*** Opening INPUT ***

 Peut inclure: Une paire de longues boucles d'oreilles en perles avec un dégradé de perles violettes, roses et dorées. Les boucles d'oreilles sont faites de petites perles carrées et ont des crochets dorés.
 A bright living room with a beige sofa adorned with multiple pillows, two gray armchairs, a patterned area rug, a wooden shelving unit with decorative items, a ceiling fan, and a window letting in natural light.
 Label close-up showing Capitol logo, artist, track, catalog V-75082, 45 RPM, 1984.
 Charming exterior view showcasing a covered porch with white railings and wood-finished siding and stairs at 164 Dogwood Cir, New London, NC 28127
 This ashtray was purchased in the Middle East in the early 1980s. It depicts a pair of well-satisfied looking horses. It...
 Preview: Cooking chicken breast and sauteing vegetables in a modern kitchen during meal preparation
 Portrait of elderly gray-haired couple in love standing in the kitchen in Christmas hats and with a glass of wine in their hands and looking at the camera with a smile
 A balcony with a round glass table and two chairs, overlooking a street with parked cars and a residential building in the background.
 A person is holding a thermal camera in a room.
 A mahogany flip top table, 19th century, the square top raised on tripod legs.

*** Closing INPUT ***

WHAT THE EXERCISE ASKS
In the records above, each line with the string "kitchen" should be copied.

ANSWER TO THE EXERCISE
 Preview: Cooking chicken breast and sauteing vegetables in a modern kitchen during meal preparation
 Portrait of elderly gray-haired couple in love standing in the kitchen in Christmas hats and with a glass of wine in their hands and looking at the camera with a smile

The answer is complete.